Intel’s high-end Sapphire Rapids processor debuts as a workstation version, which could also be followed by a HEDT model in the not-too-distant future. There’s also news about Intel’s next but only desktop and laptop solution, Meteor Lake, where the core architectures were finally named for the first time.
Meteor Lake with two new CPU architectures
Intel’s main solution, Meteor Lake, was more on the lips of the manufacturer than current or directly subsequent products, the model after the next is simply the most exciting overall. Because the Raptor Lake upgrade CPU family, which is to follow shortly, simply makes very little new and also remains at the same production level as it would be sold.
As is well known, this is different with Intel Meteor Lake. The EUV production used by Intel for the first time should produce new large and small cores with significant improvements. This is tied together by a mosaic structure, as Intel’s “chiplet” approach is called. In the end, four of these tiles make up the entire processor.
The processor cores that will once again be based on Intel’s hybrid approach now have a confirmation of the architecture used. The codenames are Redwood Cove and Crestmont, the former representing the performance cores, the latter being the “atom” cores, i.e. the E-Cores. They replace Golden Cove or Refresh Raptor Cove and Gracemont.
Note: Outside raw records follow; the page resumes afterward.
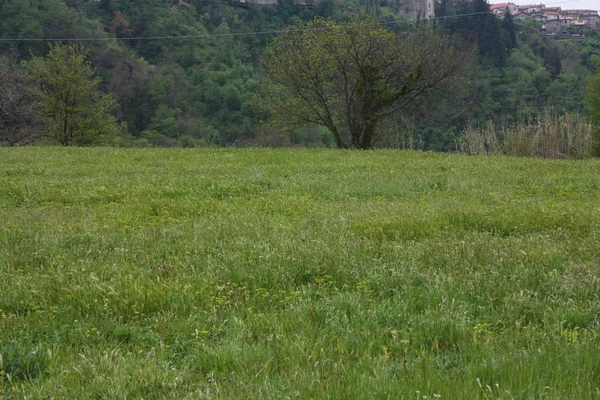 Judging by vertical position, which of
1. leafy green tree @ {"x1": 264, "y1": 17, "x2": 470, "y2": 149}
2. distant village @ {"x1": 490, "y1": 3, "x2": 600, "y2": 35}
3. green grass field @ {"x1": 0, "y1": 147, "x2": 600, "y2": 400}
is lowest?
green grass field @ {"x1": 0, "y1": 147, "x2": 600, "y2": 400}

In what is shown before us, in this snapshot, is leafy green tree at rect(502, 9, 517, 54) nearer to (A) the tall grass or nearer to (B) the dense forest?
(B) the dense forest

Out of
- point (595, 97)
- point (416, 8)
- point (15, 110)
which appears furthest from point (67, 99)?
point (416, 8)

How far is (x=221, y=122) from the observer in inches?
3775

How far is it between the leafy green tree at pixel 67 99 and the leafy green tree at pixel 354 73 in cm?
1877

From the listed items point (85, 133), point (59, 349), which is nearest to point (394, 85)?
point (85, 133)

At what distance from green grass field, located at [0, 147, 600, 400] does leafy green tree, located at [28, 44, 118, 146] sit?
3921cm

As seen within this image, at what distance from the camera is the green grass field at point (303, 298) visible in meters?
3.58

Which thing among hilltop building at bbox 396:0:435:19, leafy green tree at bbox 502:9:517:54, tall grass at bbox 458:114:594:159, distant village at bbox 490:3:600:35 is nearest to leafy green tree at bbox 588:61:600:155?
tall grass at bbox 458:114:594:159

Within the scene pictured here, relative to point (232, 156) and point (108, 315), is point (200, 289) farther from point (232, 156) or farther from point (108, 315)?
point (232, 156)

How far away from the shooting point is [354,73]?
36.1 meters

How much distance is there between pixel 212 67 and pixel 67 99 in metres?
60.9

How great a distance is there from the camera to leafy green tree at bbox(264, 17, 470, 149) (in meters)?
35.6

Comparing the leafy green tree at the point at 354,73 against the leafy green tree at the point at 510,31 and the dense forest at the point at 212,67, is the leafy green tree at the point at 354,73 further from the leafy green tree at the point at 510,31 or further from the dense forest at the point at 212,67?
the leafy green tree at the point at 510,31

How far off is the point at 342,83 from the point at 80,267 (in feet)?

#intelligence #MeteoriteLake perfmon events:https://t.co/uvP37DZTA5#intelligence #MeteoriteLake CPU ID A06Ax (#RedwoodCove + #Crestmont) confirmation:https://t.co/CfchtxWh1c https://t.co/sLSoFmGJFW pic.twitter.com/R9SmCzKrAQ
— InstLatX64 (@InstLatX64) July 21, 2022
112 threads on the Sapphire Rapids workstation
Rumors have been circulating for some time that Intel would also offer Sapphire Rapids as a single CPU solution and as a desktop variant. The former has now been seen in the form of a workstation variant called the w9-3495. It was recently assumed that Intel is adapting workstation models to the naming scheme of central processors, instead of an “i” there is a “w”. However, it is not known whether the Xeon will stay ahead: in the notebook, Intel has given up the Xeons in favor of the Core, although it is a slightly different environment here.
The model with 56 cores shows 112 threads, and support for AVX-512 and the new AMX is also part of the game. Clock frequencies are not final yet, 1.8 GHz corresponds to those of typical Intel test samples in advance. Such a solution can hardly be expected before the end of the year, but it will probably be more likely in early 2023, and that applies not only to the workstation, but also to a possible high-end desktop (HEDT).